J’ai fait ma demande de passeport. A Buenos Aires, on doit le retirer auprès des services de police. Un jour je reçois par courrier l’ordre de me rendre à la Section spéciale des activités anti-argentines. Heureusement que j’ai pu intercepter la convocation pour éviter à mes parents de s’inquiéter, mais je n’en menais pas large ! Le régime de Perón était redoutable. Il utilisait les concierges comme indics du ministère de l’Intérieur. Il suffisait qu’il y ait plus de quatre personnes chez moi pour qu’ils croient que nous préparions une conspiration, alors que nous parlions de musique ou de sujets inoffensifs. La Section spéciale était connue pour ses tortionnaires : ils passaient des tangos très forts pour couvrir les cris des torturés.

J’ai téléphoné à un ami avocat, plus âgé ; il avait des contacts avec le gouvernement. Je lui ai dit que je redoutais de me rendre à la Section spéciale. Il m’a persuadé d’y aller. Il m’attendrait dans un café juste en face.

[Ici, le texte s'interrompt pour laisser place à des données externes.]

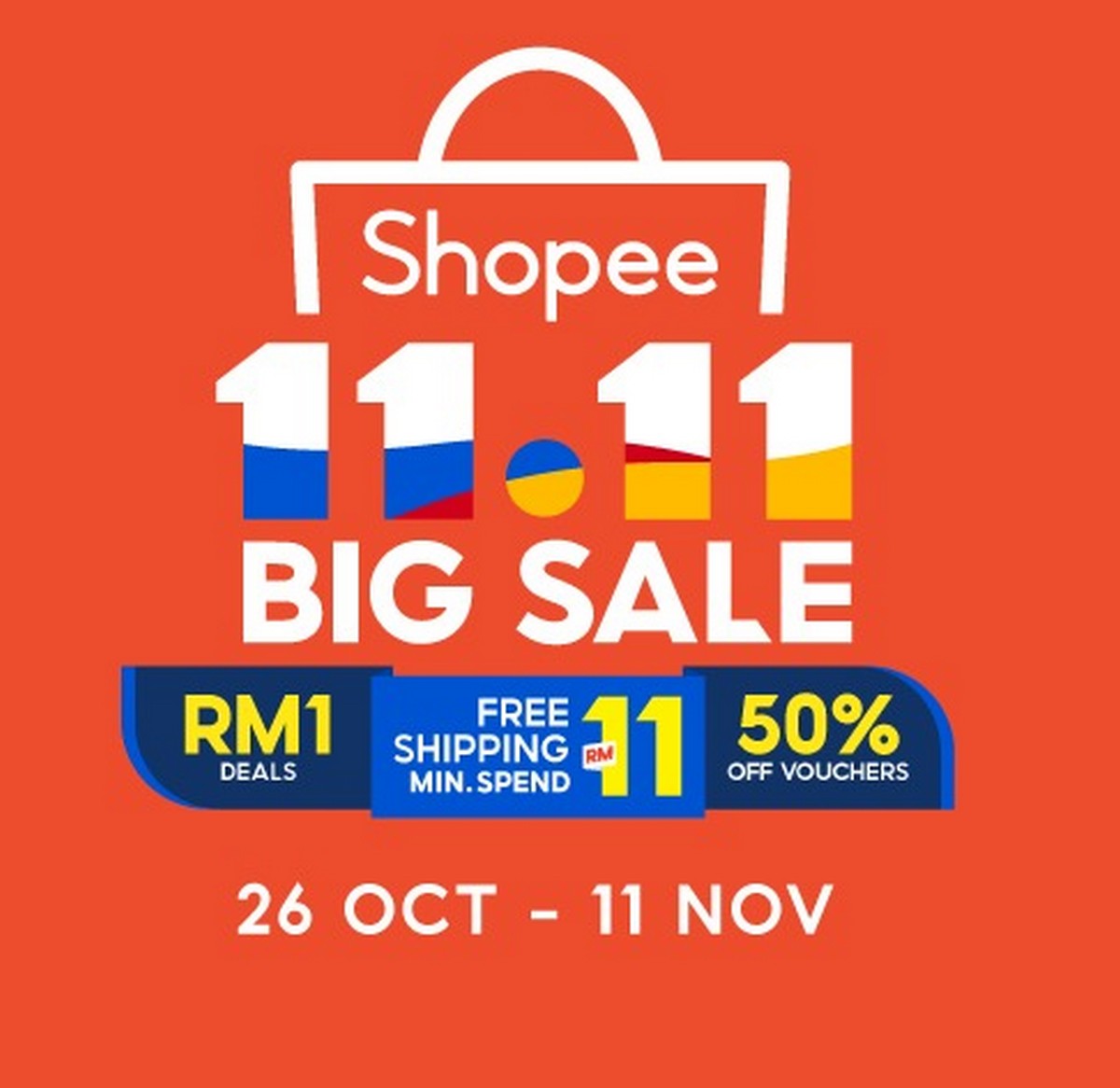 Shopee-Malaysia-Free-Shipping-Across-Malaysia - LifeStyle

Je devais y être à dix heures du matin ; si je n’étais pas ressorti au bout de deux heures, il passerait un coup de fil à quelqu’un. Je rentre dans le bâtiment en tremblant, prends l’ascenseur, tombe sur un couloir avec des bancs devant chaque bureau, un policier en uniforme devant chaque entrée. Je prend un numéro et attends. A un moment, le son du tango me parvient du sous-sol. J’étais prêt à tout annuler, à renoncer à la France ! C’est mon tour. Dans la pièce – au mur, une photo de Perón et d’Evita -, un type à moustaches, habillé de gris avec des bottes, me prie de m’assoir. Il me demande si je connais telle personne. « Non. » Je tremblais. Et telle autre. « Oui, c’était l’un de mes camarades dans le secondaire. »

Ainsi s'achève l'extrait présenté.